つまり、私たちの世界はSociety 4.0からSociety 5.0という新しい段階に変化している真っ最中なのです。
この社会構造が変化する状況の中で 企業に求められることこそがDXなのです。
変化スピードの加速
そして、もうひとつ重要なのが変化の間隔が短くなっているということです。
年表にして見るとそのことがよくわかります。
人類の長い歴史から見ると、2段階目の農耕社会が始まったことでさえつい最近の出来事です。そして、変革のスピードは加速度的に早くなっています。
変化が激しい時代になっているとよく聞くようになりましたが、年表を俯瞰することでそのことがよく実感できたかと思います。

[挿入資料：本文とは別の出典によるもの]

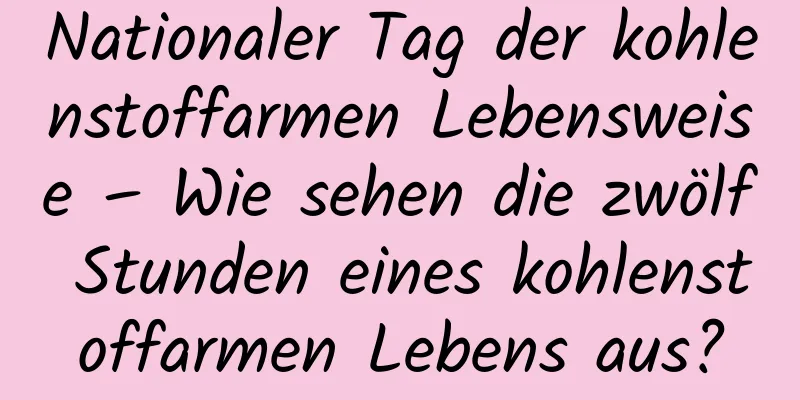 Nationaler Tag der kohlenstoffarmen Lebensweise – Wie sehen die zwölf Stunden eines kohlenstoffarmen Lebens aus?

このような変化が激しい時代では既存事業の延長的なことを繰り返してはダメで、変革を常態化させることが重要になってきます。
DXの成功事例
ここからは、DXの成功事例を紹介します。
DXの成功例1:トライグループ
1987年に創業したトライグループは、CMでもお馴染みの「家庭教師のトライ」などの教育サービスを幅広く提供しています。
トライグループでは、30年にわたる学習ノウハウを活かして、インターネットを活用した業界初の映像学習サービス「Try IT」という映像授業サービスの提供を開始しました。
「Try IT」では、4000本もの映像授業を無料で配信し、生徒からの質問に先生がスピーディに答えるという体験をオンライン上で実現しています。
リリース後、会員登録者数は100万人を超え、特に定期テスト前には利用者が増加するなど、デジタルを駆使した新しい教育の形を業界にもたらしました。
DXの成功例2:富士フイルム
富士フイルムは、社名の通り写真のフィルム事業で成長してきた企業です。
しかし、写真フィルムの世界需要は2000年をピークに急速に落ち込み、06年には半減、10年には10分の1以下にまで激減してしまいました。
そんな本業を喪失する危機を察知した富士フイルムは、積極的にデジタル化に踏み切ることで、事業を変容させながら成長を継続してきました。
世界初のフルデジタルカメラを開発したのも、コンシューマー向けの普及機種シリーズを展開したもの富士フイルムです。
カメラのデジタル化を進めるほど、事業の柱であるフィルム市場は縮小してしまいますが、デジタル化を避けることはできないと判断してデジタル領域に乗り込んでいきました。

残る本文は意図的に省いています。